I can’t stand the pleading either, so I am following in my mom’s footsteps. But now and then, bringing one of the kids along simply can’t be avoided. One of the children, whose name I will not mention, is prone to slipping items into the basket on the sly, in hopes that I won’t notice when I’m at the checkout. I’ve become very observant now—which has really helped to keep my grocery budget under control.
That same scrutiny comes in handy when I sit down to translate political speak into plain English. This week, Governor Sam Brownback gave his annual State of the State speech. Rather than watch it, the next morning I grabbed the transcript and a pen and began reading and underlining, writing my questions in the margin, and figuring out what it all means. I haven’t studied like this since I was studying Economics in college. And I admit, I’m torn. I consider myself a liberal Republican, sometimes a conservative Democrat. I don’t disagree with everything that Brownback wants to accomplish during his administration, but I disagree with enough of it to take seriously the proposals he makes.
Consolidating departments and eliminating duplication I agree with. Decluttering is a good thing to do, and if one can do the job, why pay for two?
But repealing an 80-plus year tradition of requiring Kansas corporate ownership of agricultural land to be owned and operated by entities that actually reside in Kansas, I am adamantly against. I’m all for the Governor enticing business to locate in Kansas, but not at the expense of the stewardship of our land. Those who have a close, personal stake in the land are the ones who will take the best care of it.
Next, while I’m not sure how much money is needed to provide our children an adequate education, I believe in the authority of the state Supreme Court. It’s disastrous to suggest that supreme court judges be subject to the political whims of whoever is in power. Changing the constitution because you disagree with the court’s ruling borders on becoming a new chapter of George Orwell’s Animal Farm.
And I’m shocked and astonished that Brownback would propose we completely eliminate measures to ensure educational equity in the state by allowing districts to raise unlimited property taxes to fund school districts locally. The spin he put on that really made me feel like I had to get off the ride before I lost my lunch. Many qualified Americans fought long and hard over the years to bring equity to education, and to defend it. We don’t need to have a state full of haves and have-nots when it comes to something as vital as education. You never know where the next Einstein is lurking. Why, when I moved to rural Kansas ten years ago, I was amazed to find that the district we lived in, which had over 50 percent of the students receiving free and reduced lunch and where the average home sold for less than $100,000 had a higher than average number of National Merit Scholarships. I have to credit that in part to educational equity.
But as I read on, I felt there was still something missing. I couldn’t put my finger on it until the next day, when I learned about the speech after the speech.

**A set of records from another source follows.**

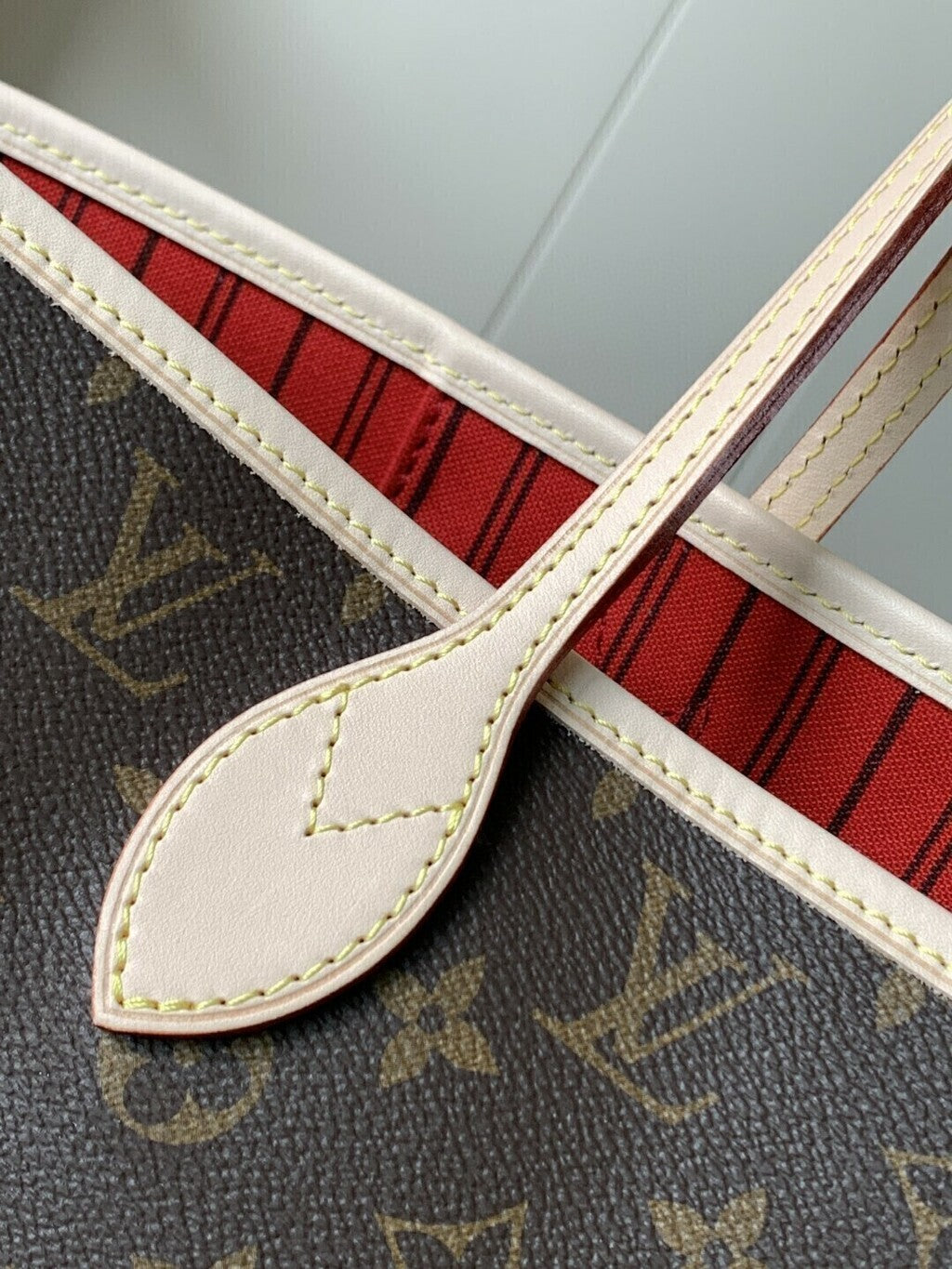 Bolsa Tote Couro Reversível Bege e Vermelho Médio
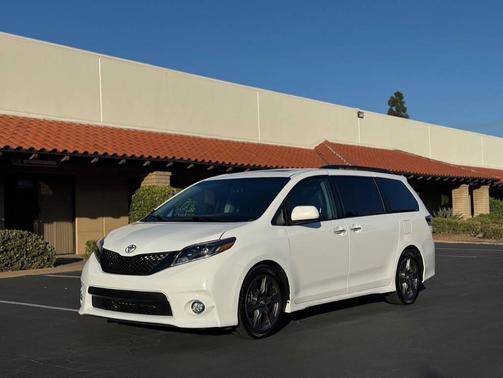 2017 Toyota Sienna SE Premium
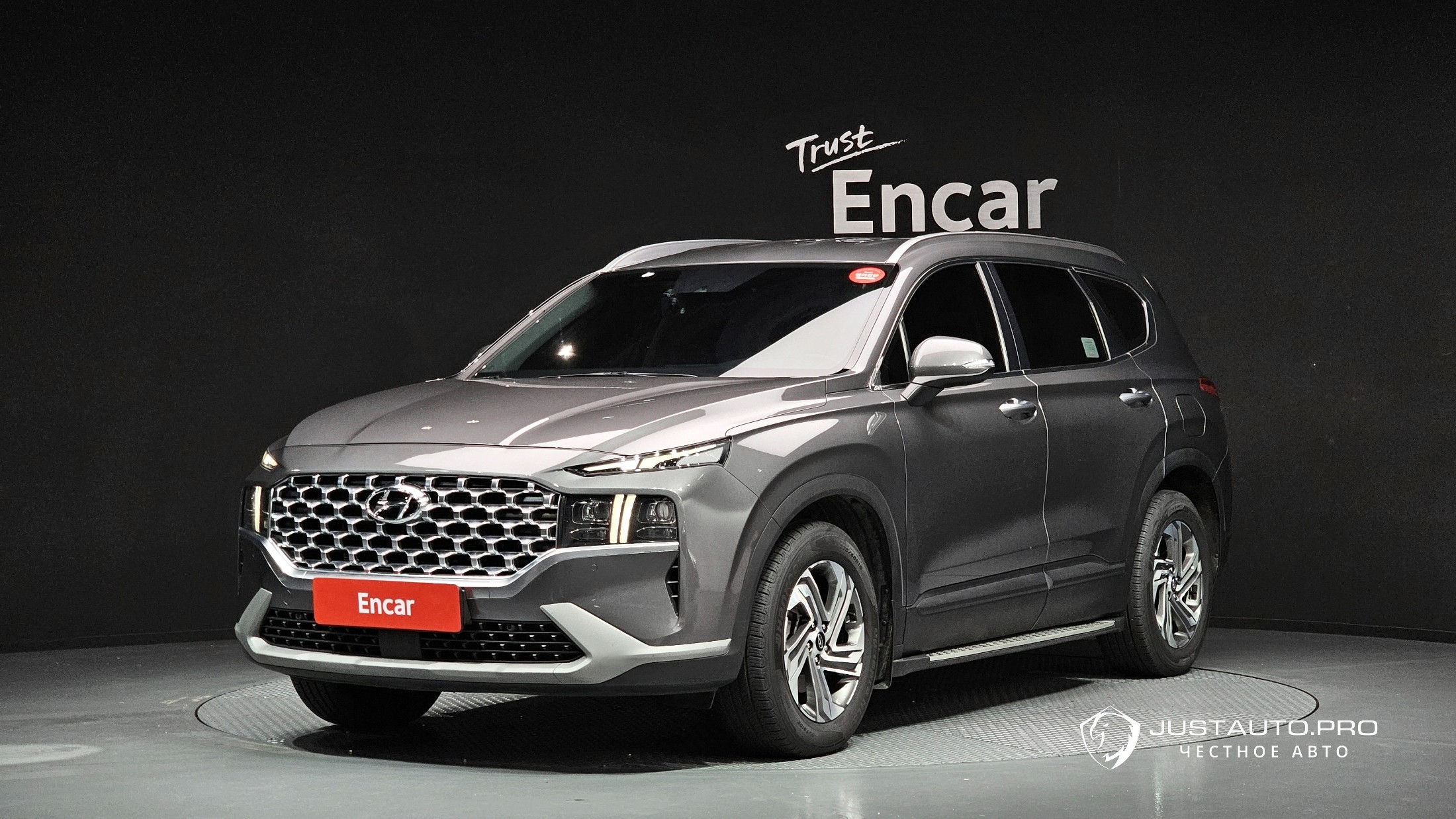 Автомобиль Hyundai Santafe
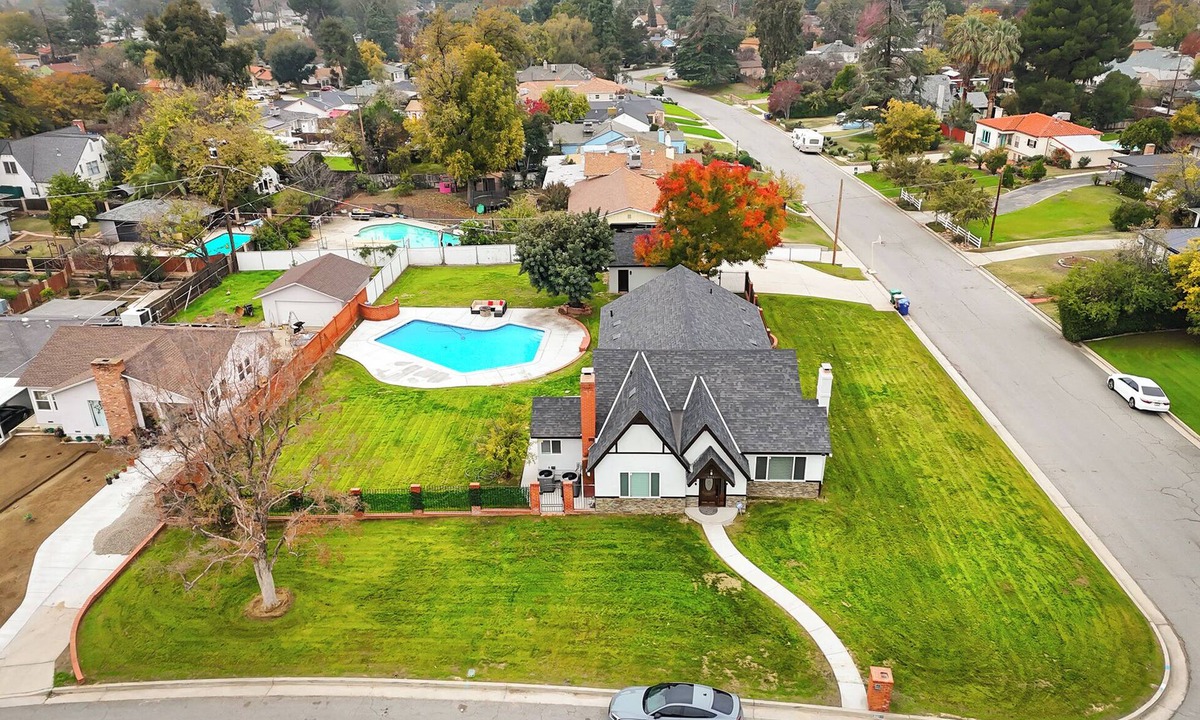 Bakersfield House | Resort-Style 5-Bedroom Oasis with Pool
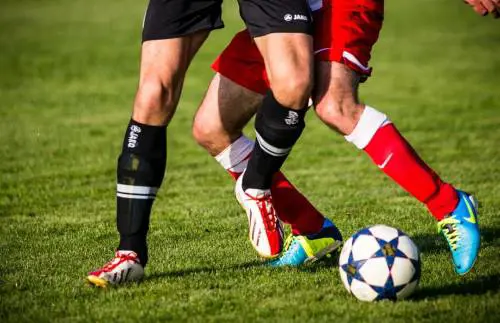 Sì a playoff e algoritmo. E per chi prova a barare retrocessione d'ufficio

We all knew the budget shortfall was going to have to be made up somehow. I think it was cowardly of Brownback to not mention his plan during the State of the State address though. Declaring his intention the next day to eliminate the mortgage interest deduction just makes it look like he’s trying to slip something into the cart of goods he’s selling voters.
The mortgage interest deduction may not be the only motivating factor for buying a home, but it’s at least in the top three to five. In fact, it is taken into consideration when a would-be home purchaser sits down to determine how much house can be purchased. By getting rid of this, Brownback may be able to follow through with cutting income taxes, and that may very well help entice businesses from elsewhere to move here. But at what cost? Will Kansas simply become one more state where the native population cannot afford to invest in their own state, and be forced to choose to either live as a slave or move on to greener pastures?